I was interested in developing, through printmaking, a technique as fragile as smoke itself, where the image could fade at the slightest touch. The images I engrave onto these object-remnants come from my personal and family archive. They depict my father, my mother, my grandmothers, friends, myself as a child, and the places that have shaped my daily life—both in Nueva Imperial and now in Santiago, Chile. I sought to place these images under tension by making them interact with even more unstable surfaces: boards in the process of rotting, a broken mattress, rusted parts of wood-burning stoves. In that contact, all elements intensified one another’s decay.

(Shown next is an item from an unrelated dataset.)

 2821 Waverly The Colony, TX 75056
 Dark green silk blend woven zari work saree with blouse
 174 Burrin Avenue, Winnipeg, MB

Thus, beyond the material possibility of preserving an image, what endures is the action: the gesture of attempting to fix it. Memory does not reside in the object, but in the persistence of that gesture, and the object becomes merely an evocation, a trace of that will. For this reason, the images are unique; there is no serial production nor polished finish. Some are barely discernible—and this is precisely because they do not seek to represent, but to embody. They are traces of a will to make presence, rather than images meant simply to be seen.

This project pursues the question of a material memory capable of enduring insofar as it is enacted, practicing presence as a persistent act of will mobilized by affection. By recognizing memory as an unstable process, it presents a series of experiments engraved with smoke upon discarded matter to construct an intimate archive—one that invites us to consider that the possibility of remembrance lies in the gestures we create to confront the constant threat of forgetting.